ACH Authorization Form for Troop Bank Accounts ACH Authorization

Girl Scouts Louisiana East
Corporate Headquarters
841 S. Clearview Parkway, New Orleans, LA 70121-3119
(504) 733-8220 (800) 644-7571 F (504) 733-8219
www.gsle.org
Regional Service Center
545 Colonial Drive, Baton Rouge, LA 70806
(225) 927-8946 (800) 644-7571 F (225) 927-8402
ACH Authorization Form for Troop Bank Accounts
If there are any changes to your troop’s bank account, a newly signed and dated form must be submitted to the
GSLE Finance department. These changes include adding or changing signers on an account.

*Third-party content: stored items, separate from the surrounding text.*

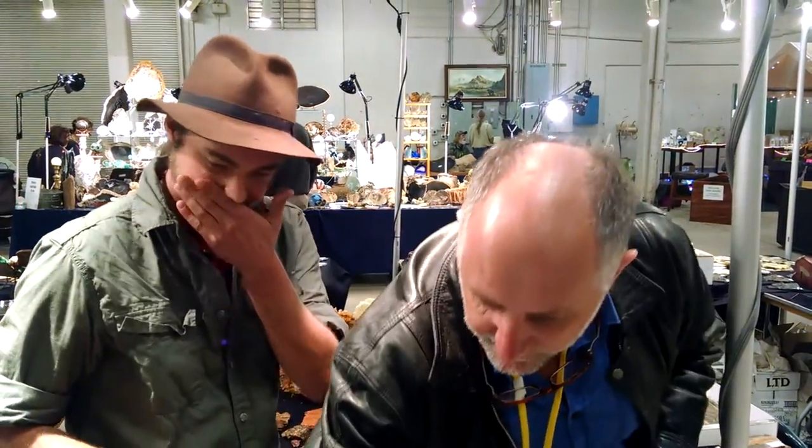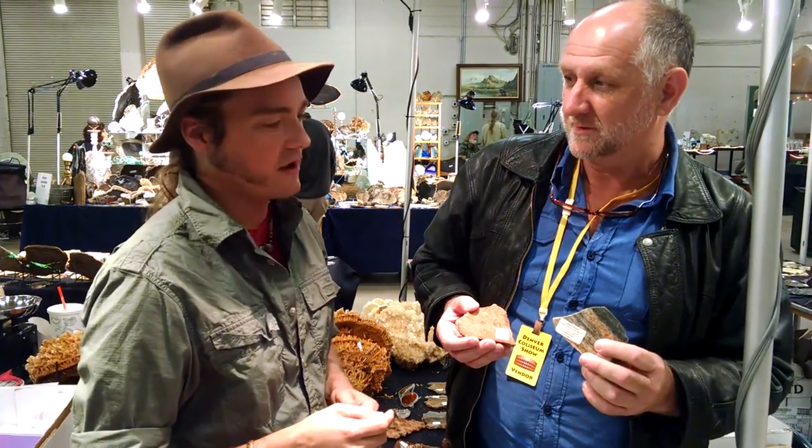These little zircon crystals formed, got trapped in a rock, that rock was destroyed by erosion or volcanic activity, but the zircon survived. Another rock formed encapsulating that zircon, got destroyed, but the zircon survived again, and eventually became encapsulated in this rock — among the oldest on Earth. The Acasta Gneiss is the oldest rock on the planet at 4.2 billion years, from the Northwest Territory, Canada. The oldest zircon crystals are the Jack Hills zircons at 4.4 billion years.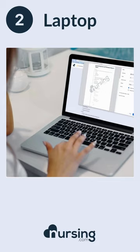Number two, you're going to need a dependable laptop. This will let you do your papers, take notes, and use study tools like Nursing.com.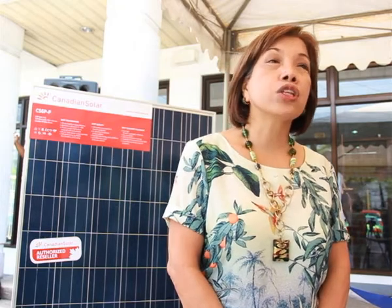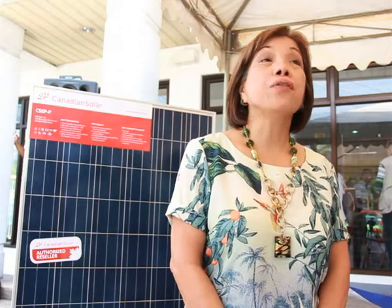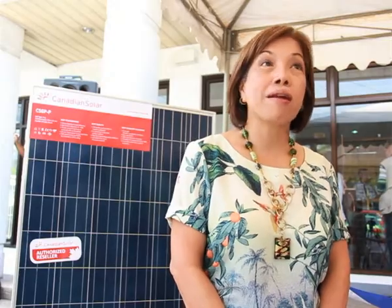Under the Renewable Energy Law, there is a provision that allows small businesses and residential users to connect to the Meralco grid. Whatever is in excess of their consumption, they can export it to the grid and Meralco will pay the consumers the generation cost of the electricity produced. In BPI's case, they are closed on Saturdays and Sundays, so BPI can export this excess electricity back to Meralco, and Meralco will pay for it.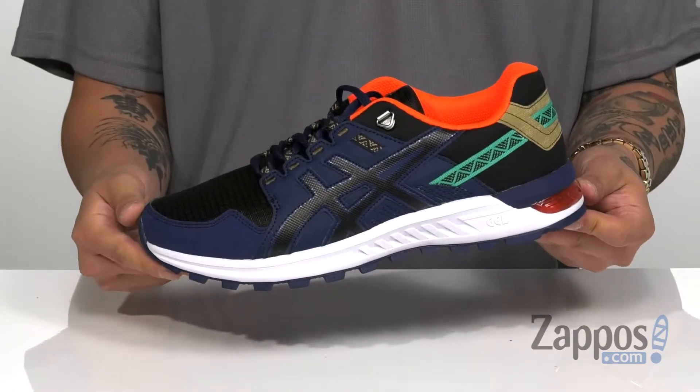It's all on top of a durable rubber outsole with a nice thick tread to keep you stable on a variety of surfaces. Style, comfort, and all that technology in one shoe — pick them up today, they're from ASICS.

Sample check detailing where the information can be found which will be necessary to complete this form.
Bank Account Information
Girl Scout Troop # _____________
Bank Name: ________________________________________________________________
Bank Routing # _______________________
Bank Account # _______________________
Email address to receive communications: ____________________________________
ACH Authorization
I, ____________________________________________, authorize Girl Scouts Louisiana East, Inc (hereafter
“GSLE”) to initiate credit and debit entries such as product sales payments, refunds, etc. to my account at the
financial institution (hereafter “Bank”) indicated on this form. Furthermore, I authorize the Bank to accept and to
credit entries indicated by GSLE.
Moreover, I understand that troops are responsible for the timely deposit of collected funds to ensure adequate
resources to cover all scheduled debits. The troop expressly authorizes repeat of any debit that fails for any
reason. Troops that have delinquent families must follow procedures for debt notification to reduce scheduled
debits.
This ACH Authorization must be completed and submitted to GSLE, with a copy of a voided check prior to the
start of the Cookie Program. Troops understand that they may not order or receive cookies until the ACH Debit
Authorization has been received.
This authorization is to remain in effect until this account is closed, or until GSLE has received written
notification from an authorized signer of its termination.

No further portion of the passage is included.